Clare’s face went hot with anger and she turned to Theresa. “You didn’t get all that from the one brief article about the execution date. You would have had to do extensive research to learn so much.” Now, Clare leaned forward, invading Theresa’s personal space. “If you came here looking for a story—”
“No. No.” Theresa shook her head quickly, and the earrings swung like a pendulum. “I’m not a reporter—”
Clare had heard enough. “It’s time you left. You can leave on your own, or I can have you escorted.”
“I read that you and your sister were separated and I found records of your inquiries at Children’s Services seeking information about her. You’ve searched for her, but haven’t been able to find her.” Theresa spoke quickly, barely pausing to breathe. “The laws regulating adoption have relaxed somewhat for children seeking information about their biological parents, but haven’t changed at all for siblings.”
Clare knew all that. She’d butted up against the system for years.
“And when I read of it, it broke my heart.”
Clare’s anger dimmed slightly at the sincerity she saw in Theresa’s eyes. “Yes. Well. The situation is what it is.” Clare didn’t add that she would never give up the search for Katie.
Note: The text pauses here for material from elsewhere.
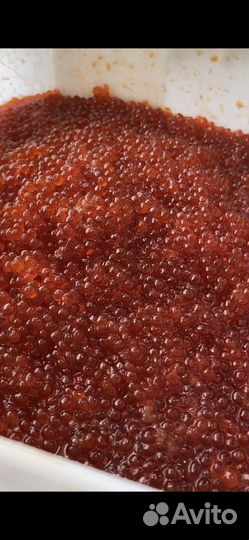 Красная икра кижуч премиум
“That’s why I have to be careful,” Theresa went on. “Why I had to meet with you here. I could lose my job or face criminal charges if I’m found out. And you would be implicated too. I know you wouldn’t want that.”
“Are you threatening me, Mrs. Sands? I should have called the police when you arrived. I’ll rectify that now.” Clare went to an end table and picked up the phone.
“Please don’t make that call.” Theresa shook her head. “I work for Children’s Services. I investigate potential adoptive parents.”
Clare pressed the numbers for the local police station.
“You don’t understand, Agent Marshall.” Theresa’s eyes widened. “I found her. I found your sister.”